The examples of the following section explicitly illustrate the behaviour for
the array_split.shape_split()
function, but with minor modifications,
the examples are also relevant for the array_split.array_split()
function
and for instances of the array_split.ShapeSplitter
class.
Splitting by number of tiles¶
Splitting an array is performed by specifying: total number of tiles in the final split and per-axis number of slices.
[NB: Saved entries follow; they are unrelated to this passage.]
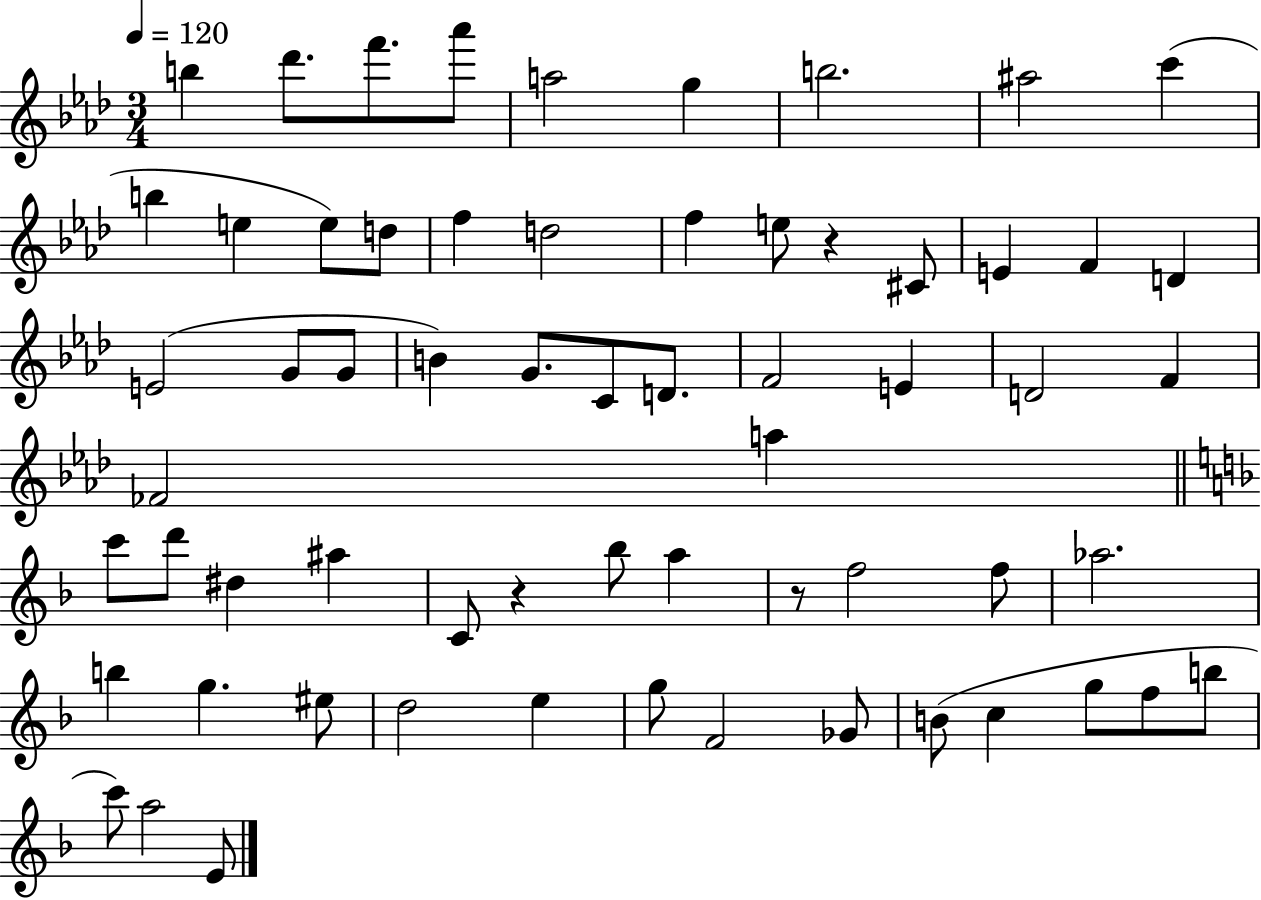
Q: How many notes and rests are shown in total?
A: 63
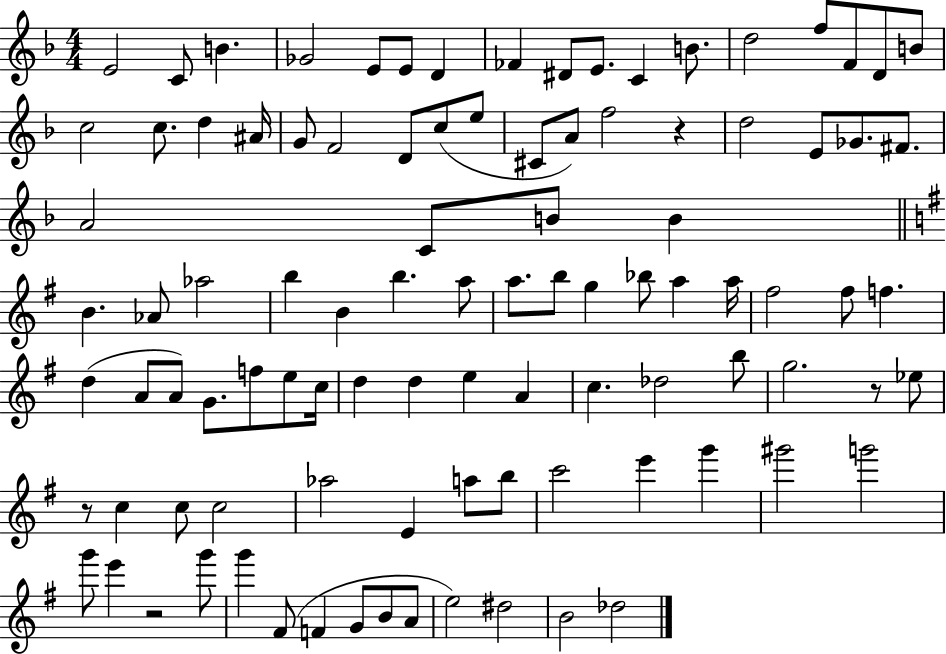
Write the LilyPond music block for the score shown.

{
  \clef treble
  \numericTimeSignature
  \time 4/4
  \key f \major
  \repeat volta 2 { e'2 c'8 b'4. | ges'2 e'8 e'8 d'4 | fes'4 dis'8 e'8. c'4 b'8. | d''2 f''8 f'8 d'8 b'8 | \break c''2 c''8. d''4 ais'16 | g'8 f'2 d'8 c''8( e''8 | cis'8 a'8) f''2 r4 | d''2 e'8 ges'8. fis'8. | \break a'2 c'8 b'8 b'4 | \bar "||" \break \key g \major b'4. aes'8 aes''2 | b''4 b'4 b''4. a''8 | a''8. b''8 g''4 bes''8 a''4 a''16 | fis''2 fis''8 f''4. | \break d''4( a'8 a'8) g'8. f''8 e''8 c''16 | d''4 d''4 e''4 a'4 | c''4. des''2 b''8 | g''2. r8 ees''8 | \break r8 c''4 c''8 c''2 | aes''2 e'4 a''8 b''8 | c'''2 e'''4 g'''4 | gis'''2 g'''2 | \break g'''8 e'''4 r2 g'''8 | g'''4 fis'8( f'4 g'8 b'8 a'8 | e''2) dis''2 | b'2 des''2 | \break } \bar "|."
}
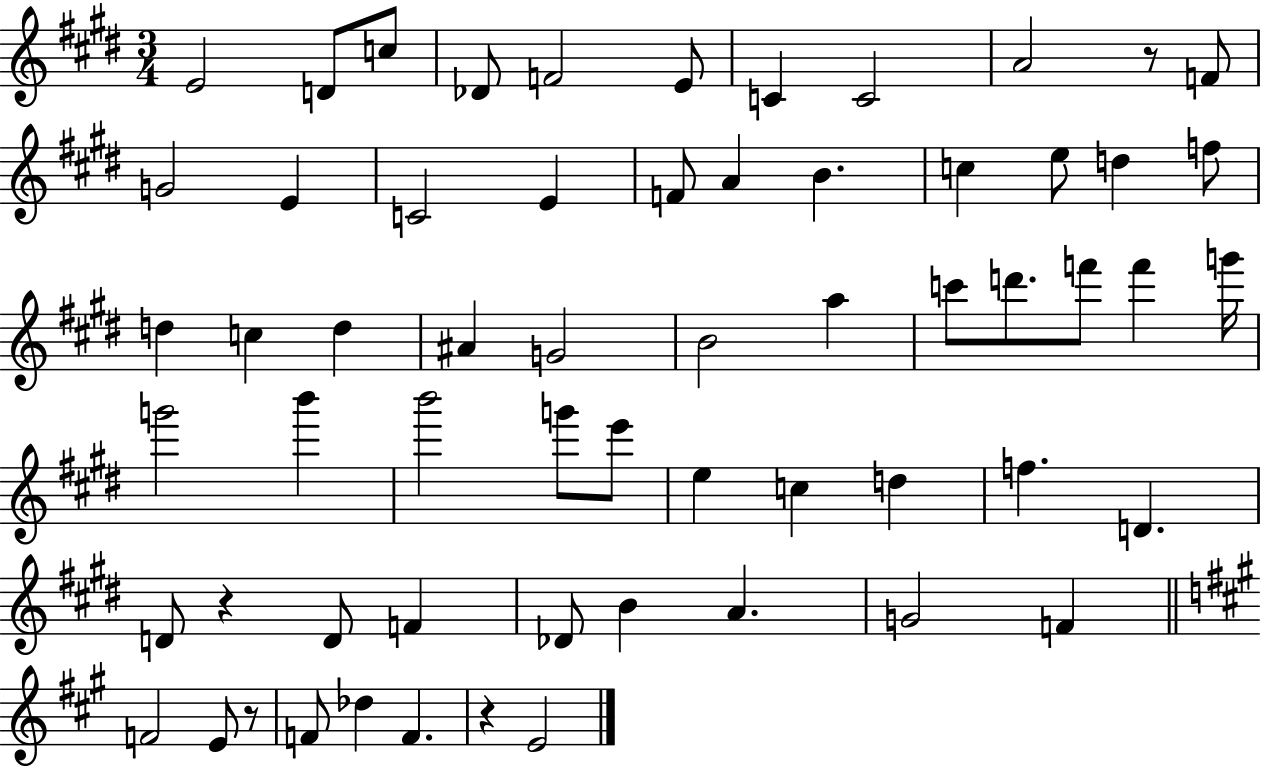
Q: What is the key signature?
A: E major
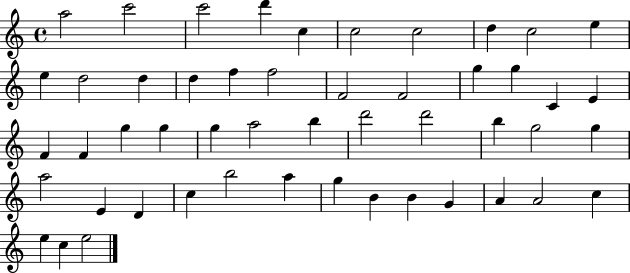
A5/h C6/h C6/h D6/q C5/q C5/h C5/h D5/q C5/h E5/q E5/q D5/h D5/q D5/q F5/q F5/h F4/h F4/h G5/q G5/q C4/q E4/q F4/q F4/q G5/q G5/q G5/q A5/h B5/q D6/h D6/h B5/q G5/h G5/q A5/h E4/q D4/q C5/q B5/h A5/q G5/q B4/q B4/q G4/q A4/q A4/h C5/q E5/q C5/q E5/h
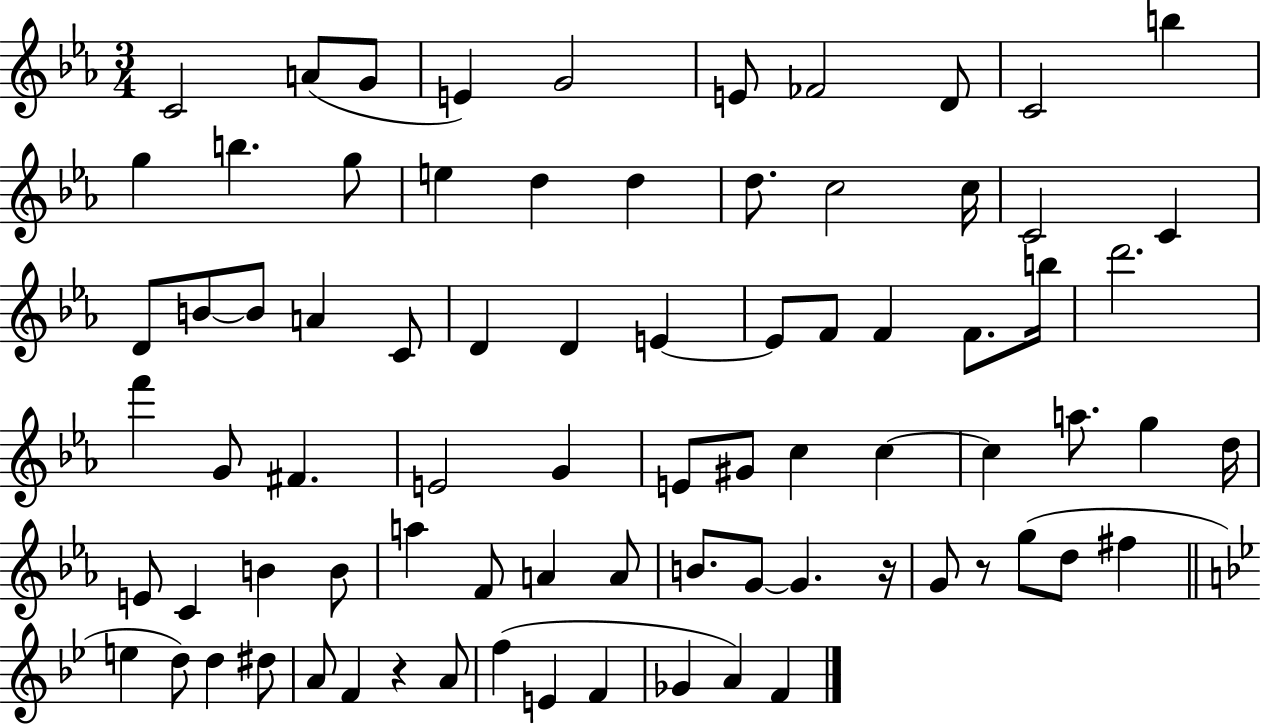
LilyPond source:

{
  \clef treble
  \numericTimeSignature
  \time 3/4
  \key ees \major
  \repeat volta 2 { c'2 a'8( g'8 | e'4) g'2 | e'8 fes'2 d'8 | c'2 b''4 | \break g''4 b''4. g''8 | e''4 d''4 d''4 | d''8. c''2 c''16 | c'2 c'4 | \break d'8 b'8~~ b'8 a'4 c'8 | d'4 d'4 e'4~~ | e'8 f'8 f'4 f'8. b''16 | d'''2. | \break f'''4 g'8 fis'4. | e'2 g'4 | e'8 gis'8 c''4 c''4~~ | c''4 a''8. g''4 d''16 | \break e'8 c'4 b'4 b'8 | a''4 f'8 a'4 a'8 | b'8. g'8~~ g'4. r16 | g'8 r8 g''8( d''8 fis''4 | \break \bar "||" \break \key g \minor e''4 d''8) d''4 dis''8 | a'8 f'4 r4 a'8 | f''4( e'4 f'4 | ges'4 a'4) f'4 | \break } \bar "|."
}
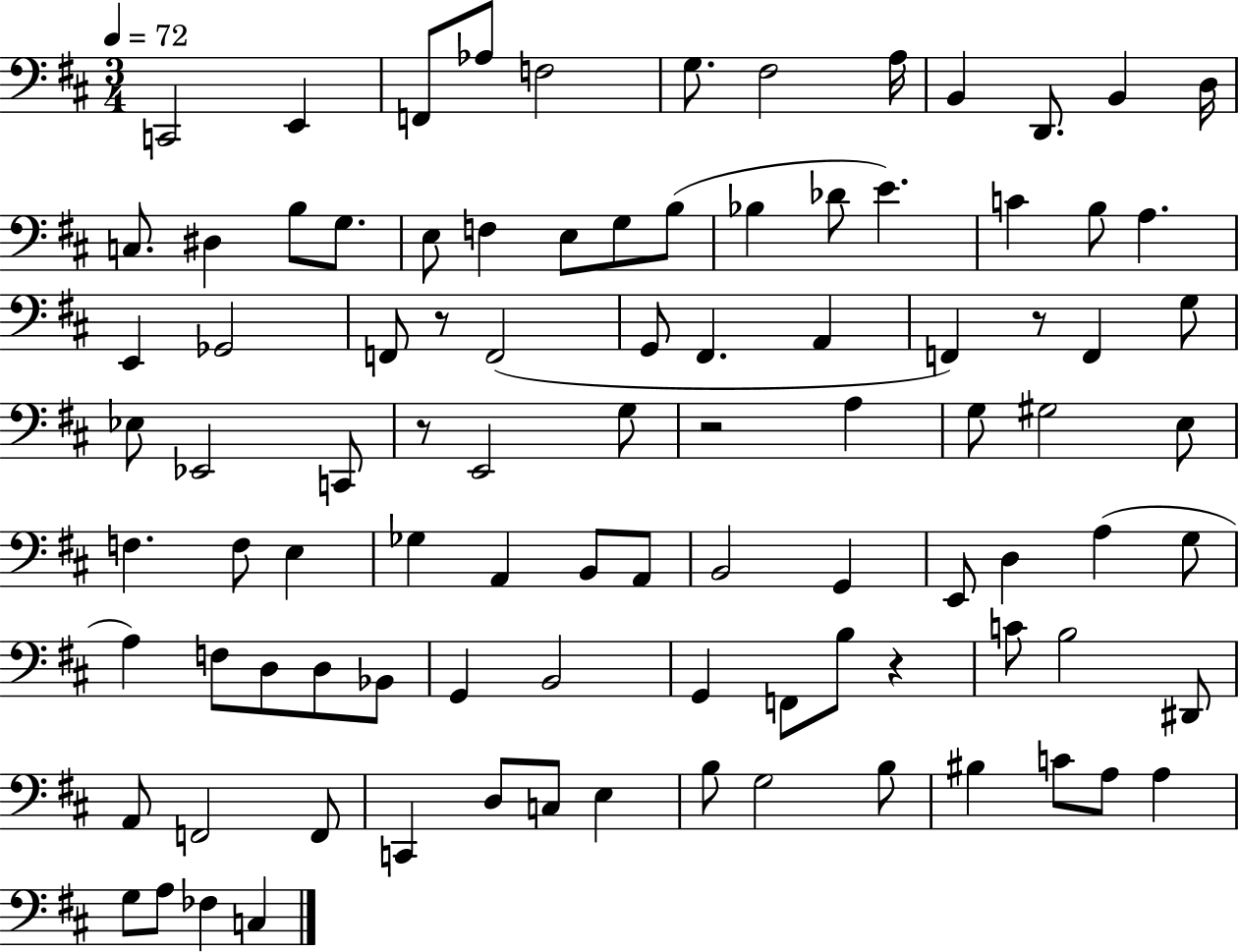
C2/h E2/q F2/e Ab3/e F3/h G3/e. F#3/h A3/s B2/q D2/e. B2/q D3/s C3/e. D#3/q B3/e G3/e. E3/e F3/q E3/e G3/e B3/e Bb3/q Db4/e E4/q. C4/q B3/e A3/q. E2/q Gb2/h F2/e R/e F2/h G2/e F#2/q. A2/q F2/q R/e F2/q G3/e Eb3/e Eb2/h C2/e R/e E2/h G3/e R/h A3/q G3/e G#3/h E3/e F3/q. F3/e E3/q Gb3/q A2/q B2/e A2/e B2/h G2/q E2/e D3/q A3/q G3/e A3/q F3/e D3/e D3/e Bb2/e G2/q B2/h G2/q F2/e B3/e R/q C4/e B3/h D#2/e A2/e F2/h F2/e C2/q D3/e C3/e E3/q B3/e G3/h B3/e BIS3/q C4/e A3/e A3/q G3/e A3/e FES3/q C3/q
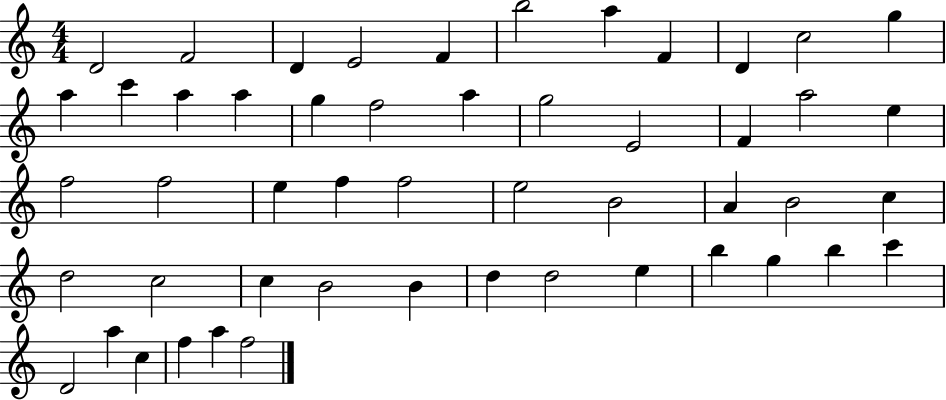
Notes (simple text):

D4/h F4/h D4/q E4/h F4/q B5/h A5/q F4/q D4/q C5/h G5/q A5/q C6/q A5/q A5/q G5/q F5/h A5/q G5/h E4/h F4/q A5/h E5/q F5/h F5/h E5/q F5/q F5/h E5/h B4/h A4/q B4/h C5/q D5/h C5/h C5/q B4/h B4/q D5/q D5/h E5/q B5/q G5/q B5/q C6/q D4/h A5/q C5/q F5/q A5/q F5/h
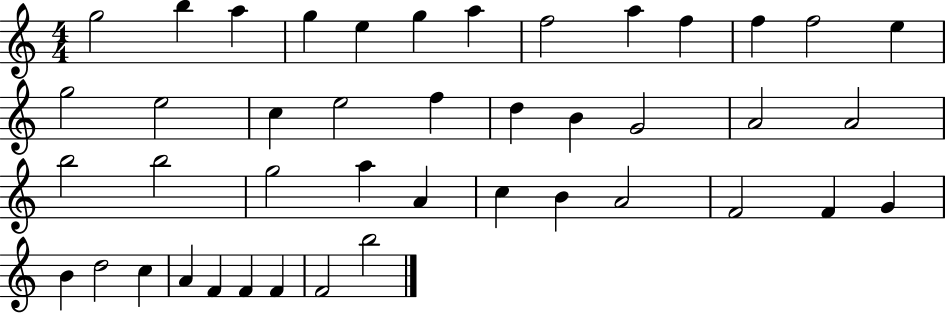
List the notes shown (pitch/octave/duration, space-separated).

G5/h B5/q A5/q G5/q E5/q G5/q A5/q F5/h A5/q F5/q F5/q F5/h E5/q G5/h E5/h C5/q E5/h F5/q D5/q B4/q G4/h A4/h A4/h B5/h B5/h G5/h A5/q A4/q C5/q B4/q A4/h F4/h F4/q G4/q B4/q D5/h C5/q A4/q F4/q F4/q F4/q F4/h B5/h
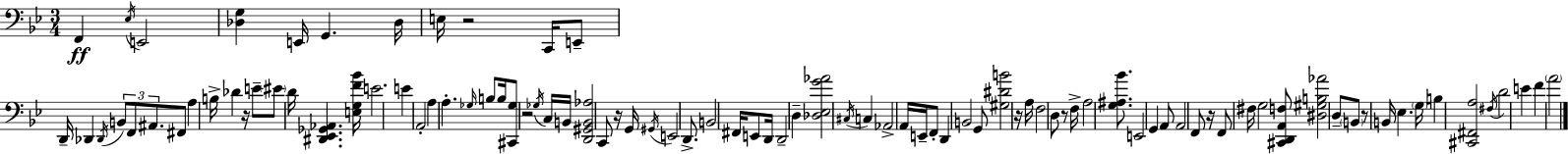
{
  \clef bass
  \numericTimeSignature
  \time 3/4
  \key g \minor
  f,4\ff \acciaccatura { ees16 } e,2 | <des g>4 e,16 g,4. | des16 e16 r2 c,16 e,8-- | d,16-- des,4 \acciaccatura { des,16 } \tuplet 3/2 { b,8 f,8 ais,8. } | \break fis,8 a4 b16-> des'4 | r16 e'8-- \parenthesize eis'8 d'16 <dis, ees, ges, aes,>4. | <e g f' bes'>16 e'2. | e'4 a,2-. | \break a4 a4.-. | \grace { ges16 } b8 b16 <cis, ges>8 r2 | \acciaccatura { ges16 } c16 b,16 <d, gis, b, aes>2 | c,8 r16 g,16 \acciaccatura { gis,16 } e,2 | \break d,8.-> b,2 | fis,16 e,8 d,16 d,2-- | d4-- <des ees g' aes'>2 | \acciaccatura { cis16 } c4 aes,2-> | \break a,16 e,16-- f,8-. d,4 b,2 | g,8 <gis dis' b'>2 | r16 a16 f2 | d8 r8 f16-> a2 | \break <g ais bes'>8. e,2 | g,4 a,8 a,2 | f,8 r16 f,8 fis16 g2 | <cis, d, a, f>8 <dis gis b aes'>2 | \break d8-- \parenthesize b,8 r8 b,16 ees4. | \parenthesize g16 b4 <cis, fis, a>2 | \acciaccatura { fis16 } d'2 | e'4 f'4 \parenthesize a'2 | \break \bar "|."
}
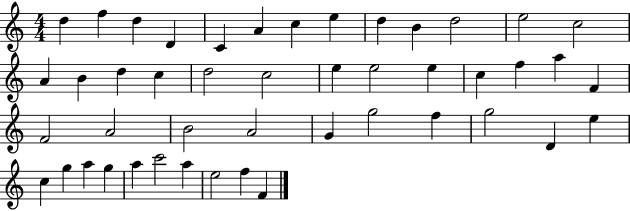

Single axis number of tiles¶
When the indices_or_sections
parameter is specified as an
integer (scalar), it specifies the number of tiles in the returned split:
>>> split = shape_split([20,], 4) # 1D, array_shape=[20,], number of tiles=4, default axis=0
>>> split.shape
(4,)
>>> split
array([(slice(0, 5, None),), (slice(5, 10, None),), (slice(10, 15, None),),
(slice(15, 20, None),)],
dtype=[('0', 'O')])
By default, cuts are made along the axis = 0
axis. In the multi-dimensional
case, one can over-ride the axis using the axis
parameter, e.g. for a 2D shape:
>>> split = shape_split([20,10], 4, axis=1) # Split along axis=1
>>> split.shape
(1, 4)
>>> split
array([[(slice(0, 20, None), slice(0, 3, None)),
(slice(0, 20, None), slice(3, 6, None)),
(slice(0, 20, None), slice(6, 8, None)),
(slice(0, 20, None), slice(8, 10, None))]],
dtype=[('0', 'O'), ('1', 'O')])
Multiple axes number of tiles¶
The axis
parameter can also be used to specify the number of slices (sections)
per-axis:
>>> split = shape_split([20, 10], axis=[3, 2]) # Cut into 3*2=6 tiles
>>> split.shape
(3, 2)
>>> split
array([[(slice(0, 7, None), slice(0, 5, None)),
(slice(0, 7, None), slice(5, 10, None))],
[(slice(7, 14, None), slice(0, 5, None)),
(slice(7, 14, None), slice(5, 10, None))],
[(slice(14, 20, None), slice(0, 5, None)),
(slice(14, 20, None), slice(5, 10, None))]],
dtype=[('0', 'O'), ('1', 'O')])
The array axis 0 has been cut into three sections and axis 1 has been cut into two
sections for a total of 3*2 = 6
tiles. In general, if axis
is an
integer (scalar) it indicates the single axis which is to be cut to form slices.
When axis
is a sequence, then axis[i]
indicates the number of
sections into which axis i
is to be cut.
In addition, one can also specify a total number of tiles and use the axis
parameter to limit which axes are to be cut by specifying non-positive values for
elements of the axis
sequence. For example, in 3D, cut into 8 tiles, but
only cut the axis=1
and axis=2
axes:
>>> split = shape_split([20, 10, 15], 8, axis=[1, 0, 0]) # Cut into 1*?*?=8 tiles
>>> split.shape
(1, 4, 2)
>>> split
array([[[(slice(0, 20, None), slice(0, 3, None), slice(0, 8, None)),
(slice(0, 20, None), slice(0, 3, None), slice(8, 15, None))],
[(slice(0, 20, None), slice(3, 6, None), slice(0, 8, None)),
(slice(0, 20, None), slice(3, 6, None), slice(8, 15, None))],
[(slice(0, 20, None), slice(6, 8, None), slice(0, 8, None)),
(slice(0, 20, None), slice(6, 8, None), slice(8, 15, None))],
[(slice(0, 20, None), slice(8, 10, None), slice(0, 8, None)),
(slice(0, 20, None), slice(8, 10, None), slice(8, 15, None))]]],
dtype=[('0', 'O'), ('1', 'O'), ('2', 'O')])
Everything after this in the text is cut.